Tuesday, March 18, 2014

Big Data versus the SAT

In a recent Time Magazine article, the president of Bard College, Leon Botstein, joined a chorus of criticism of the SAT, going so far as to call it “part hoax and part fraud.”  Criticism is coming fast and furious because the SAT has just unveiled a new, improved product to try to fend off a trend among competitive colleges to downplay the role of the SAT, and even to eliminate its use entirely.  (The not-for-profit status of the College Board, which produces the SAT, does not put the company beyond reacting to a profit motive; not-for-profit does not exactly mean you don’t get benefits from pulling in more revenue).

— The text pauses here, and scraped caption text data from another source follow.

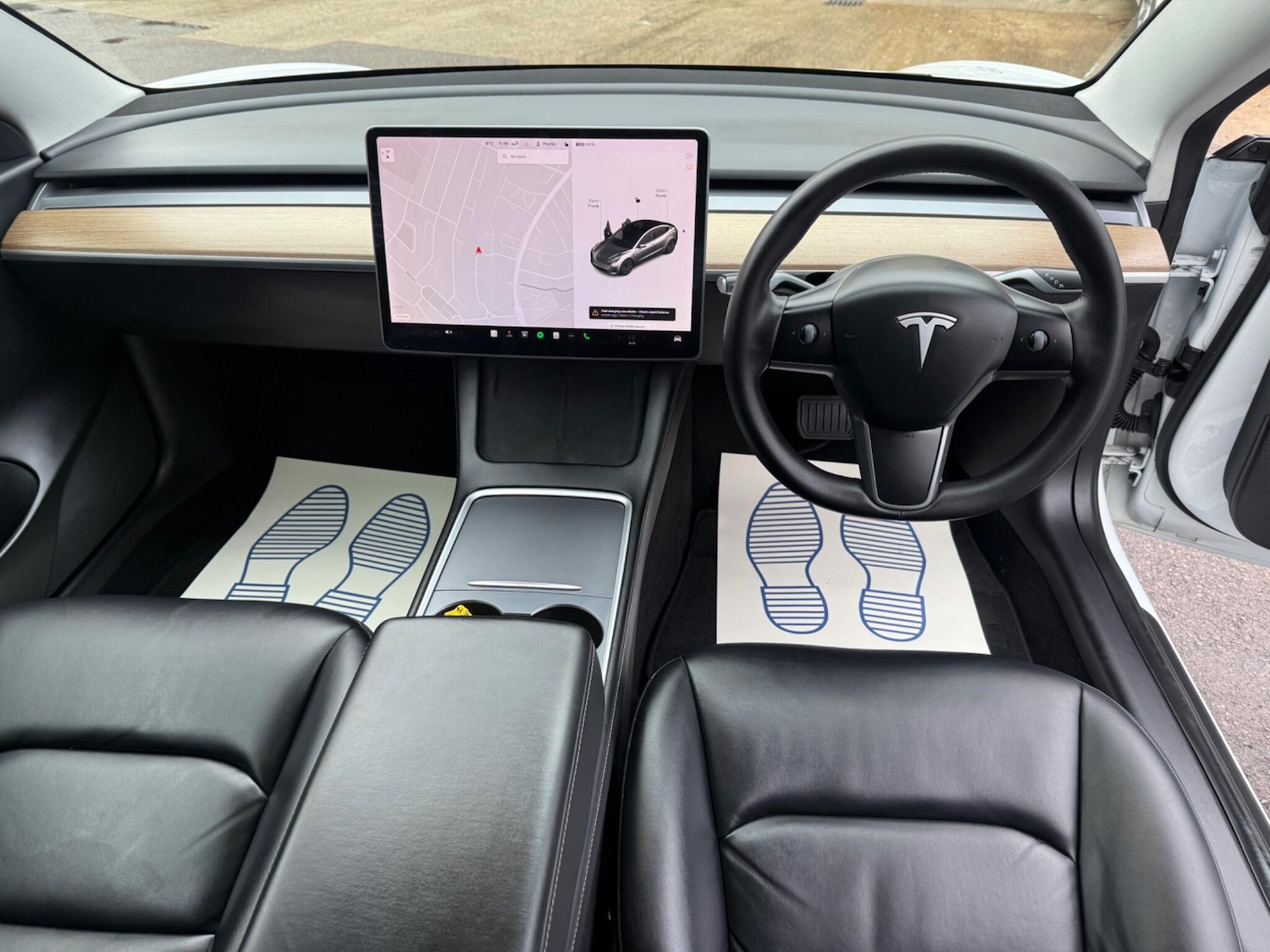 Used Tesla Model 3 2020 for sale - 77585905: Photo 8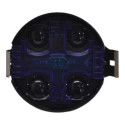 Sensor Chuva Parabrisa Mitsubishi Outlander 2010 Original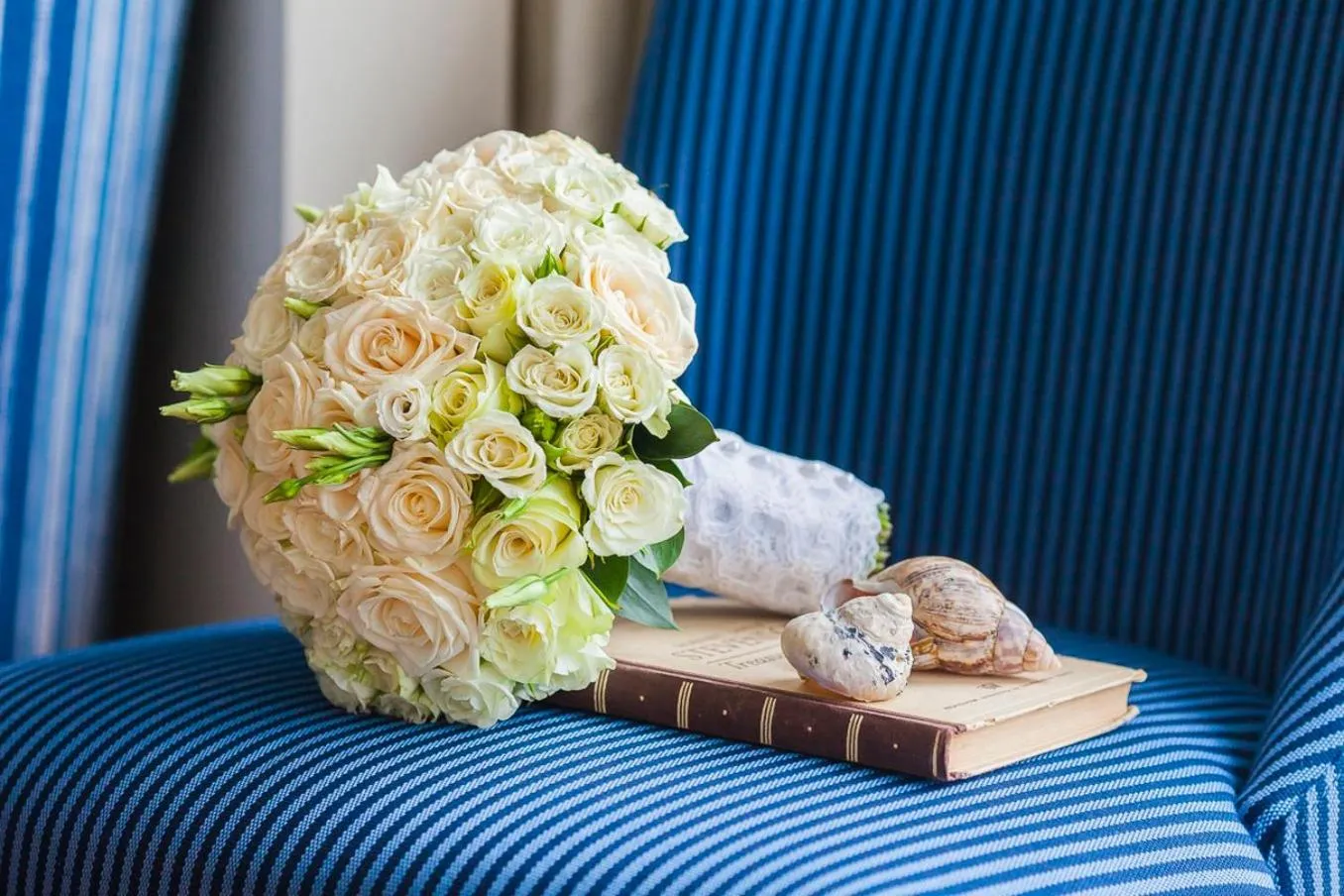 Lobby or reception in Regent Porto Montenegro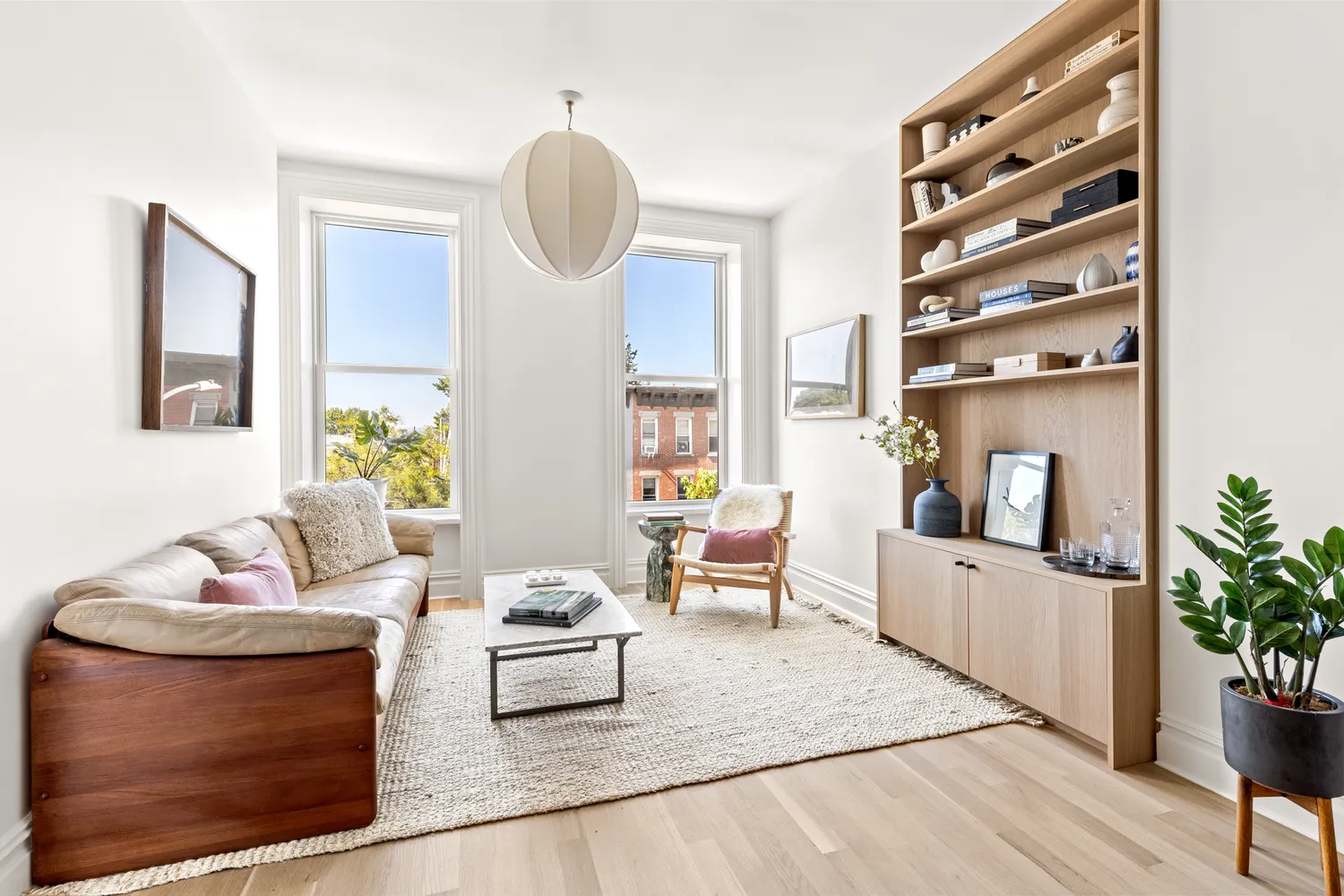 $1,645,000 | 489 7th Avenue, Unit 3 | Park Slope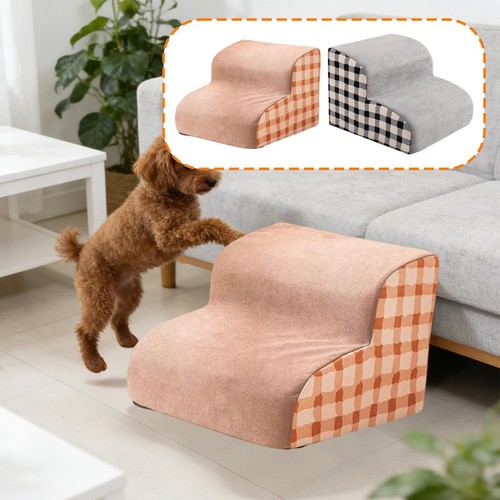 Rampe escalier pour - d'escalier, chien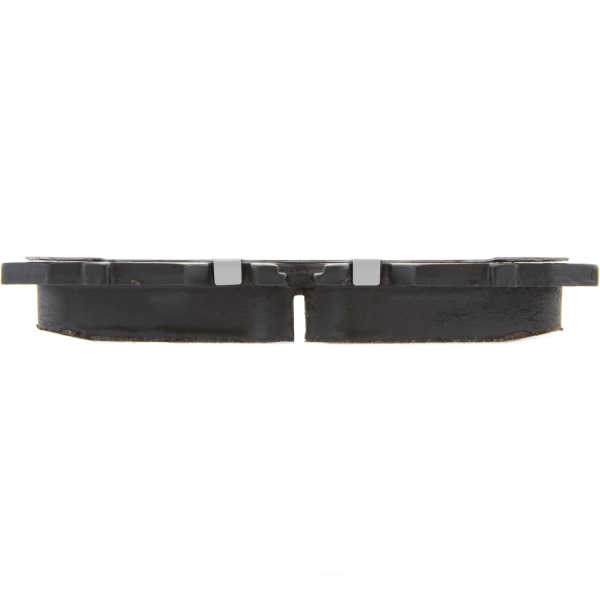 Centric Posi Quiet Pro™ Ceramic Front Disc Brake Pads 500.12820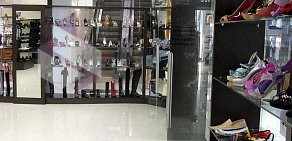 Магазин итальянской обуви Iris в ТЦ Мелодия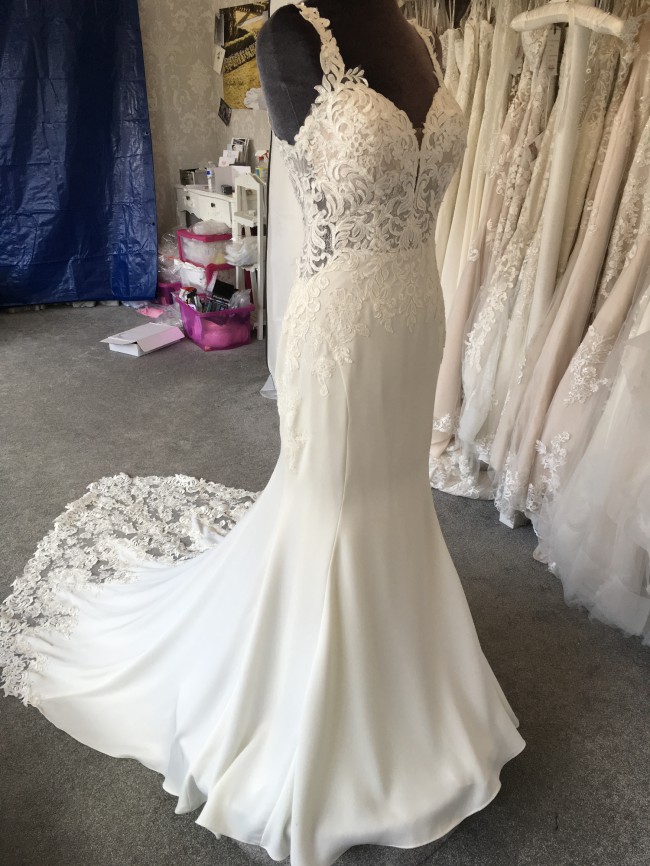 stella york 6834 for sale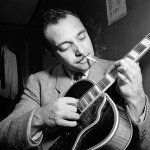 Django Reinhardt & Michel Warlop - Taj Mahal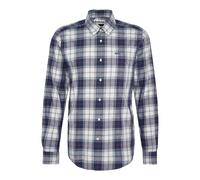 Blue Granite Tailored Shirt Casual Style - male - Barbour - Casual Shirts - Blue - XL - Shirts XL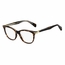 Rag and Bone RNB303300860052 Ladies Eyeglasses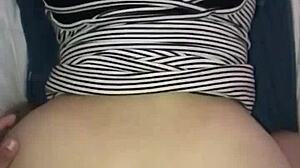 amateur big ass bent over doggystyle homemade pov slow mo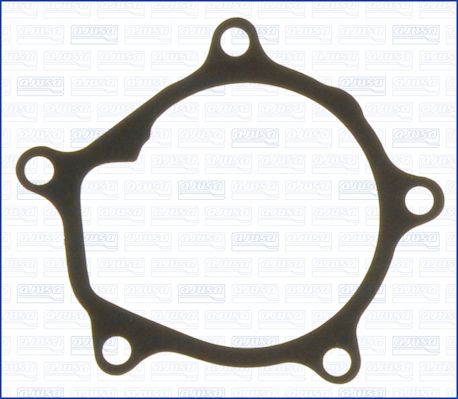 Dichtung, Wasserpumpe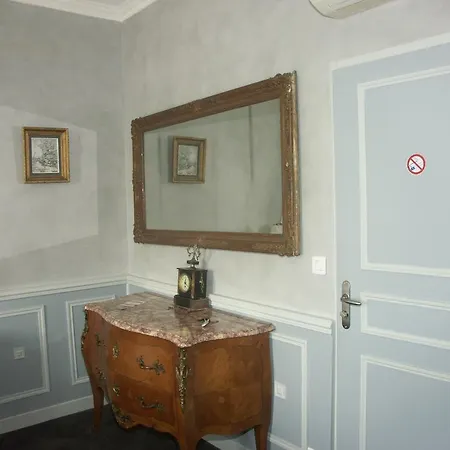Domaine De Castel Parc Bed and breakfast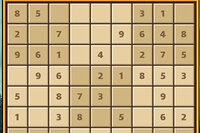 Rezolvă 10 niveluri de Sudoku clasic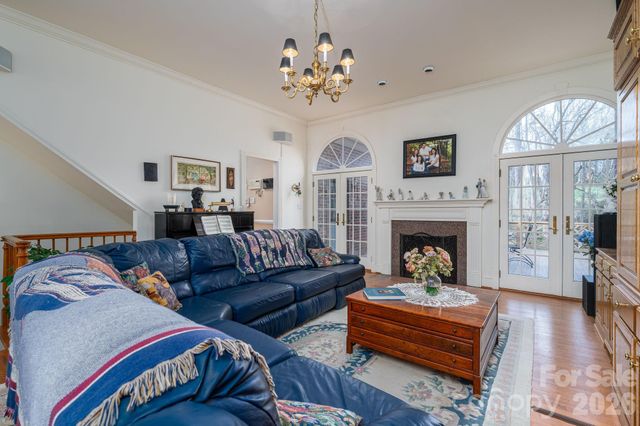 406 Johnsfield Road, Shelby, NC 28150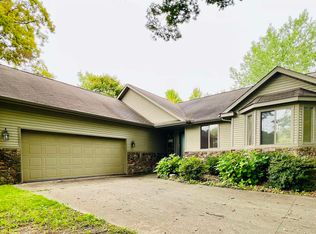 11525 Elms Rd, Birch Run, MI 48415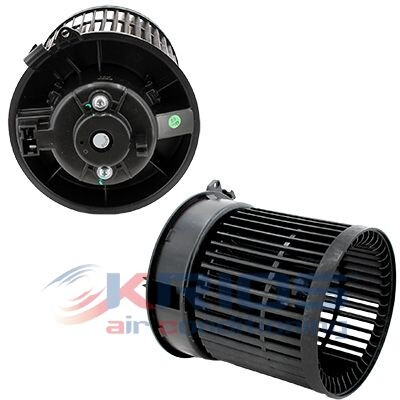 Ventilatore abitacolo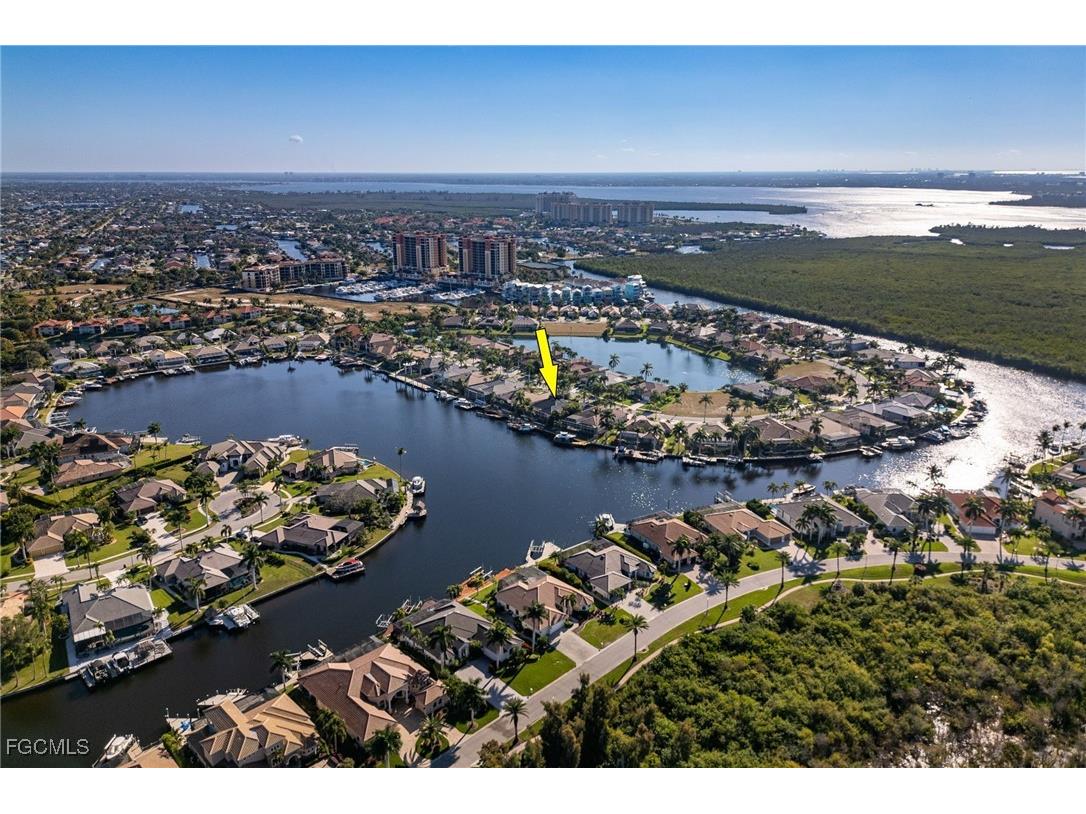 1819 Harbour Circle Cape Coral FL 33914 225036963 image50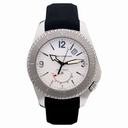 Girard Perregaux Seahawk II Stainless Steel Black Rubber Men's Watch 49900-0-11-7147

Among the critiques are that performance during one afternoon in the junior year of high school should not govern a student’s future (the SAT is not only used for college admission, but also by employers further down the road); that the SAT has little to do with what really constitutes learning and productivity (I haven’t done anything useful in my work by pulling the right answer off of a multiple choice test for as long as I can remember); that it correlates with income more than it does with anything else; and that what has now become years of SAT preparation detracts from more productive learning.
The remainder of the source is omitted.